We will give a short tutorial on the DPG method emphasizing the main points and illustrating them with numerical examples. Here is a few of them:

- The DPG method is a minimum-residual method with the residual evaluated in a dual norm.
- The method can be interpreted as a Petrov-Galerkin method with optimal test functions (realizing the \(\text{sup}\) in the \(\text{inf}\)-\(\text{sup}\) condition).
- The optimal test functions are computed on the fly by inverting approximately) the Riesz operator corresponding to the test space.
- With broken test spaces and norms capable of localization, the inversion is done element-wise, i.e., the optimal test functions are computed within the element routine. This is more expensive then for the standard finite element method but it is compatible with the standard finite element technology.
- The main price paid for the localization is the presence of additional unknowns: traces and fluxes. Compared with standard conforming finite element methods or discontinuous Galerkin methods capable of hybridization, the number of (non-local) unknowns doubles and it is of the same range as for discontinuous Galerkin methods. Contrary to discontinuous Galerkin methods based on numerical flux, the flux enters as an additional unknown in the DPG method.
- The method can be interpreted as a preconditioned least squares method. The stiffness matrix is Hermitian and positive-definite but its condition number is the same as for standard finite elements.
- The formulation based on a first-order system is very natural but not necessary. You can wish with the second-order equation if you wish. The key point is to break the test functions.
- There is nothing exotic about the ultra-weak variational formulation behind the DPG method. If the operator is well posed in the \(L^2\) sense (the operator is \(L^2\) bounded below), the ultra-weak variational formulation is also well posed with the corresponding \(\text{inf}\)-\(\text{sup}\) constant being of the same order.
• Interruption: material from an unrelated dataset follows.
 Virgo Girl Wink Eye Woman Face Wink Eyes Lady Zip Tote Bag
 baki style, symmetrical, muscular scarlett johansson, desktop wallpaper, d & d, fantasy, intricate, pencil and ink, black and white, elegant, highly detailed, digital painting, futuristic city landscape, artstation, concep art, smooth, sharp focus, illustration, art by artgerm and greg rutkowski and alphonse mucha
- With the use of optimal test functions, the issues of approximation and stability are fully separated. This is illustrated by using hp-adaptivity.
- The method is especially suited for singular perturbation problems, e.g., convection-dominated diffusion, high wave number wave propagation, and elasticity for thin-walled structures. For problems of this type, one can systematically design a test norm to accomplish robustness, i.e., a stability uniform in the perturbation parameter.
- If you have a hybrid finite element code, converting it to a DPG code is very easy.
- The methodology extends to nonlinear problems. We will show examples for compressible Navier-Stokes equations.